Security: Politics, Humanity, and the Philology of Care
- Cover
- Author: John T. Hamilton
- Language: English
- Series: Translation/Transnation
- Subject: Security, politics, philology
- Genre: Non-fiction
- Publisher: Princeton University Press
- Publication date: 5 May 2013
- Publication place: United States
- Media type: Print (Hardcover, Paperback), eBook
- Pages: 336
- ISBN: 9780691157528

= Security: Politics, Humanity, and the Philology of Care =

2013 book by John T. Hamilton

Security: Politics, Humanity, and the Philology of Care is book by American literary scholar and musician John T. Hamilton. It was published in 2013 by Princeton University Press. The book offers a philological exploration of the concept of security, a term frequently invoked in contemporary political and cultural discourse yet one that remains largely undefined. Hamilton delves into the historical and linguistic origins of the word, analyzing its dual connotations of meaning both "carefree" and "careless." Spanning a wide range of texts from ancient Greek poetry to the works of modern philosophers such as Kant, Nietzsche, and Heidegger, the book critically examines how security is intertwined with notions of safety, negligence, confidence, and ignorance. Hamilton questions whether the pursuit of security, often at the expense of freedom and human rights, truly alleviates fear or exacerbates it, and whether contemporary obsessions with achieving absolute security pose significant risks to society.

== Summary ==
The book explores the multifaceted and often ambiguous concept of security. Through a philological and philosophical lens, Hamilton examines how the notion of security has evolved over time, tracing its origins and various interpretations from ancient Greek and Roman texts to modern political and intellectual thought.

The book is divided into three parts. In the first part, "Preliminary Concerns," Hamilton discusses the broad and versatile nature of security, highlighting how the term is employed in various contexts, including national, social, and cyber-security. He argues that security, originating from the Latin securitas (meaning "freedom from care"), inherently carries a dual meaning: it can imply both a state of being carefree and a dangerous form of negligence. This section also contrasts philological approaches to security with more rigid political interpretations, questioning whether the pursuit of absolute security undermines the very freedoms it aims to protect.

The second part, "Etymologies and Figures," delves deeper into the historical and semantic roots of the term. Hamilton provides a detailed examination of the word securitas as used by Roman authors like Cicero and Seneca, exploring its connotations of mental tranquility and its implications in both public and private life. The section further investigates how literary and philosophical texts from the Greco-Roman period portray security in relation to other concepts, such as stability and instability, land and sea, and the familiar versus the unknown.

In the third part, "Occupying Security," Hamilton addresses the modern implications of security, focusing on how the concept has been shaped by political events and ideologies.
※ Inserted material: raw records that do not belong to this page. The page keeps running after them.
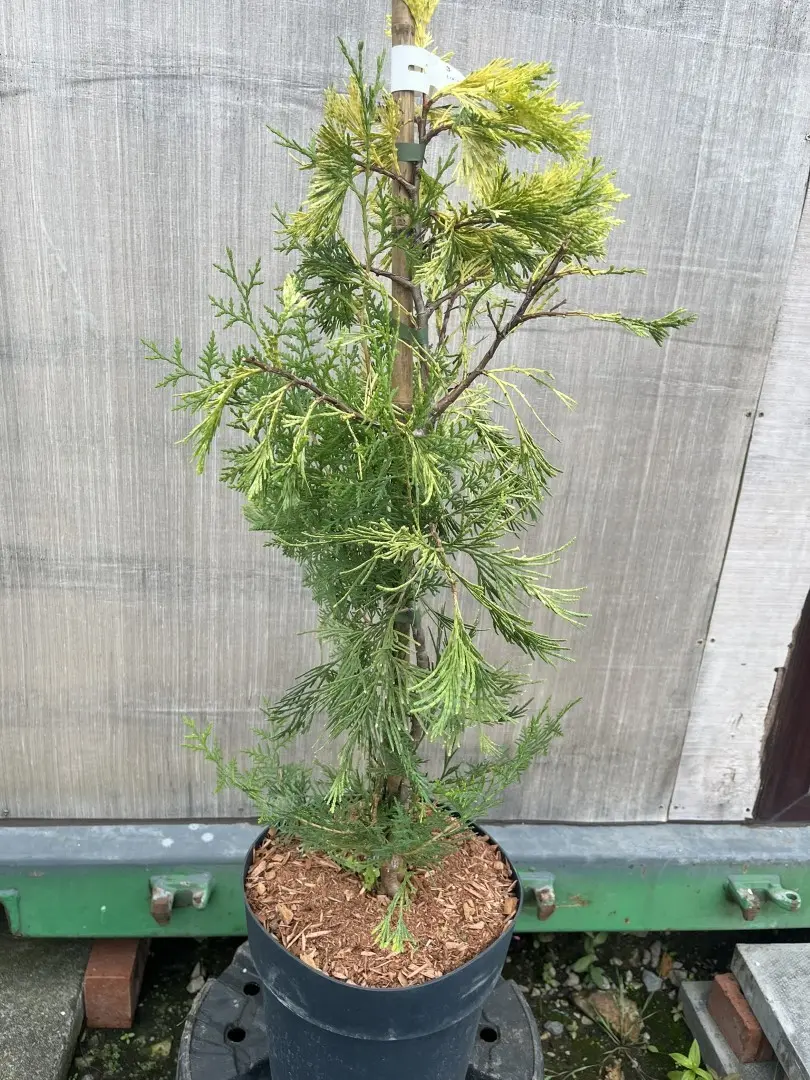 Incense Cedar 'Maupin Glow' 80-100cm - Calocedrus decurrens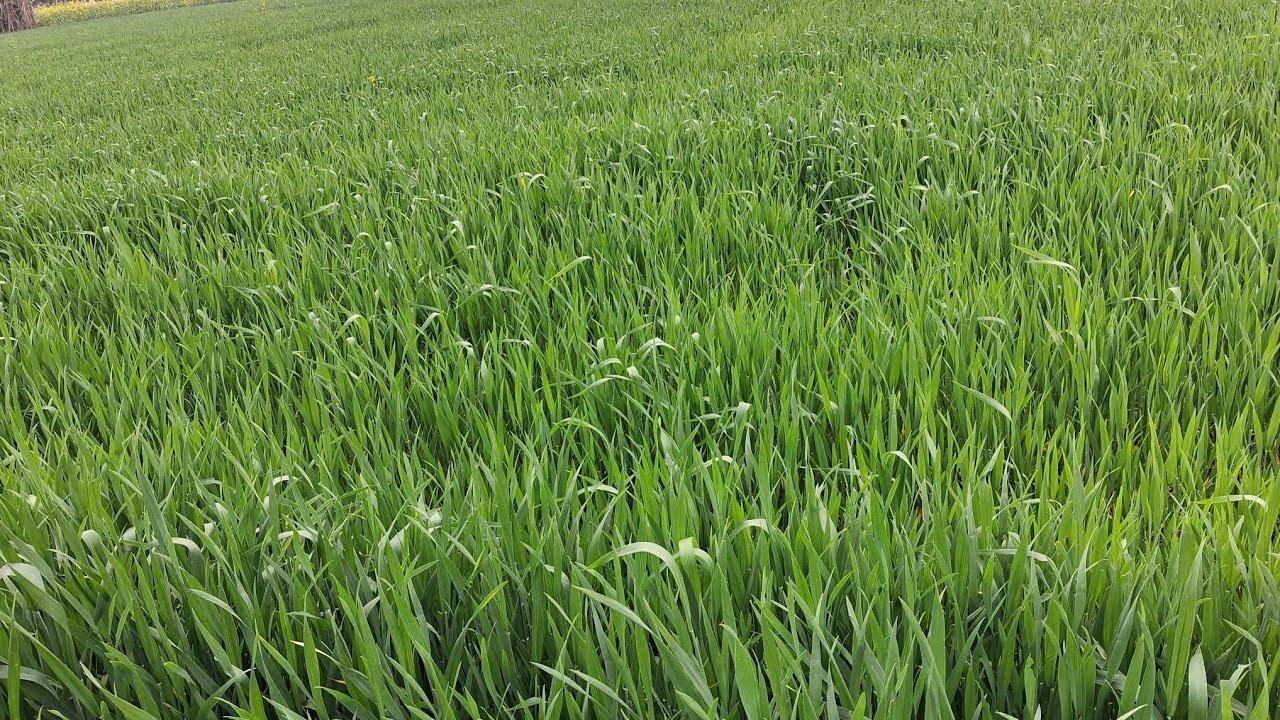 मैं प्रतिमा निषाद स्वागत  हूं पति पत्नी का  गीत हमें जिन जगाया राजा निधि में बाटी👍jaydevtjanpurya 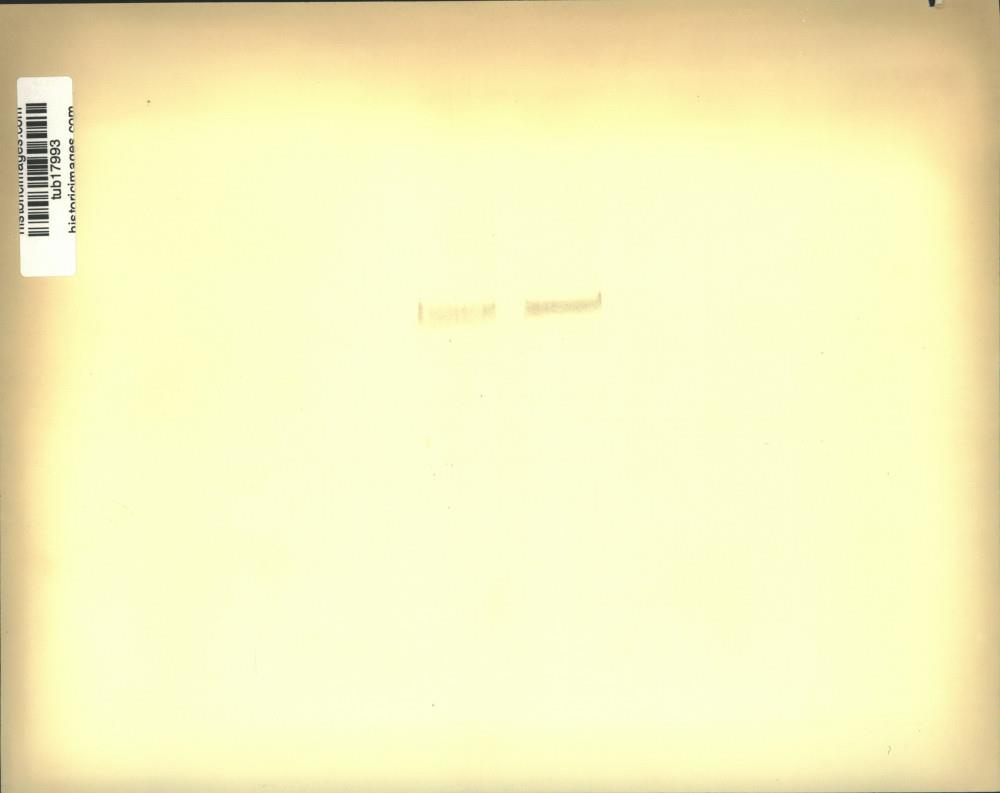 Image2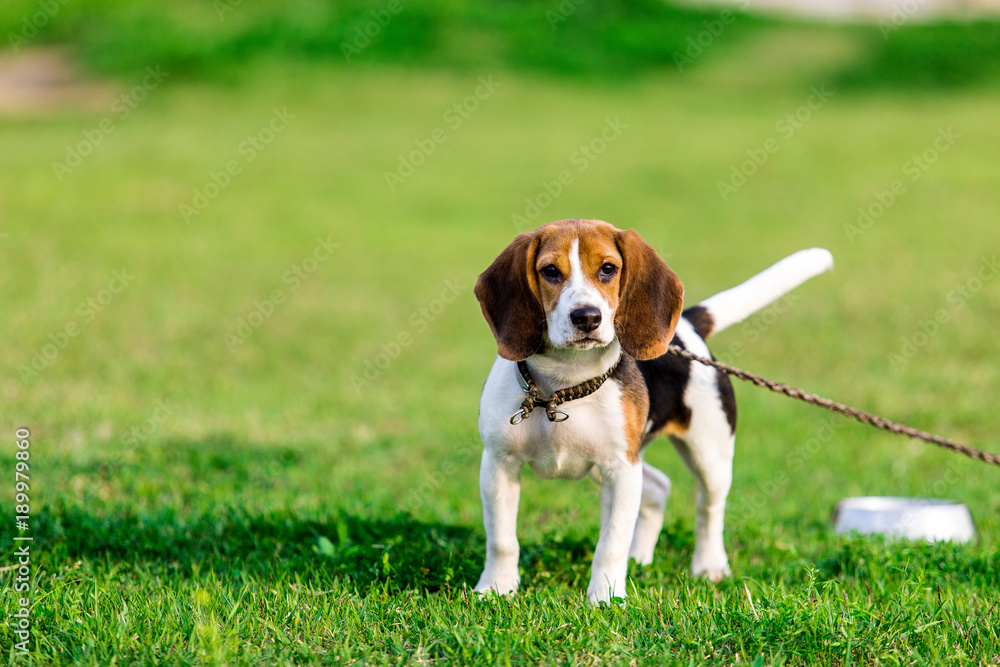 Cute beagle puppy on green grass in the park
He critiques the ways in which contemporary society's obsession with security has led to paradoxical outcomes, such as the erosion of civil liberties in the name of protection. Hamilton goes on to examine the tension between security and freedom, drawing on historical examples and philosophical arguments to suggest that an overemphasis on security can lead to the very dangers it seeks to prevent.
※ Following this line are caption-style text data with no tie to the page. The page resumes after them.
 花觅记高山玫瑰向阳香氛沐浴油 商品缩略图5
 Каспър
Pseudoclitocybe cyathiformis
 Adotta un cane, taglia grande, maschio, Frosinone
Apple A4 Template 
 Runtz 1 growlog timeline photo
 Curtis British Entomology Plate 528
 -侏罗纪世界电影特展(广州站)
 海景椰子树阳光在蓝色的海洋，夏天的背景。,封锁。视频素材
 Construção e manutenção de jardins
Throughout the book, Hamilton argues that the pursuit of security often serves as a distraction from the inherent uncertainties of human existence. He posits that rather than seeking to eliminate all risks, society might benefit from embracing a certain level of insecurity as a natural and valuable aspect of life. By combining philological analysis with philosophical inquiry, Security: Politics, Humanity, and the Philology of Care offers a thought-provoking critique of one of the most pervasive and yet least understood concepts in contemporary discourse.

== Critical reception ==
Henrik S. Wilberg commended the book for its nuanced and in-depth exploration of the concept of security from a philological perspective. He valued Hamilton's approach, which avoided reducing security to oversimplified or non-philological frameworks. Instead, Hamilton's study offers an episodic and multifaceted examination that draws from diverse historical and intellectual contexts. Wilberg highlighted how Hamilton effectively intertwined the ideas of security and care, seamlessly merging philological methods with philosophical inquiry.
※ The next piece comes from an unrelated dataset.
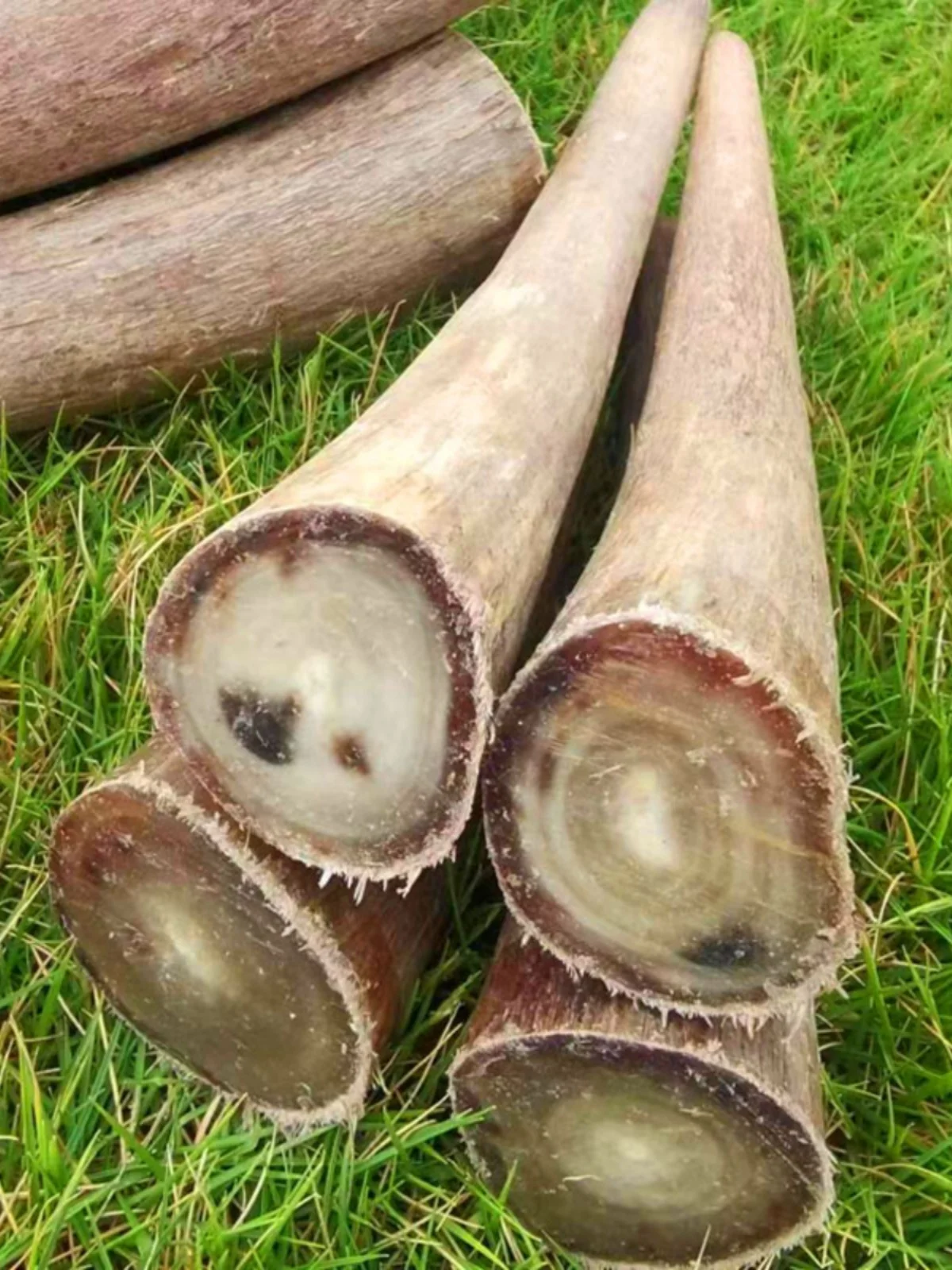Pure Natural Yak Skull Solid Tip Material Knife Handle Pipe Cigarette Holder Buddha Beads Carving Decoraive Hangings
Pure Natural Yak Skull Solid Tip Material Knife Handle Pipe Cigarette Holder Buddha Beads Carving Decoraive Hangings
Ellwood Wiggins lauded the book as a masterfully crafted and intellectually stimulating work, delving into the intricate layers and paradoxes surrounding the concept of security. Wiggins appreciated how Hamilton employed philology to trace the historical and linguistic origins of security, navigating through a wide range of texts and ideas from antiquity to the present day. He particularly admired Hamilton's skill in uncovering unexpected connections between various authors and eras, as well as his insightful critique of modern security practices. Despite noting some organizational challenges, Wiggins found the work to be a significant and illuminating contribution to the fields of security studies and philology.

Hall Bjornstad regarded the book as an original and scholarly contribution, offering a meticulous and thoughtful analysis of security through a philological lens. Bjornstad was impressed by Hamilton's ability to trace the term "security" back to its etymological roots in "cura," meaning care or concern. He praised the book for its rich and detailed exploration of a wide array of texts, languages, and historical contexts, ranging from ancient Greek poetry to modern philosophical thought. Despite the book's episodic nature, Bjornstad found it to be a deeply enriching read that prompts readers to engage in further reflection, marking it as a significant work in contemporary philology and security studies.

Pirathees Sivarajah described the book as a profound investigation into the concept of security, emphasizing its inherent ambiguities and contradictions. Sivarajah appreciated Hamilton's philological approach to dissecting the term "security" and its various historical, cultural, and political connotations. He noted how Hamilton skillfully portrayed security as a concept that oscillates between care and carelessness, presenting it as both a promise and a potential threat to humanity. The review praised the book for its intellectual depth and its ability to provoke thoughtful consideration of the role and impact of security in modern society.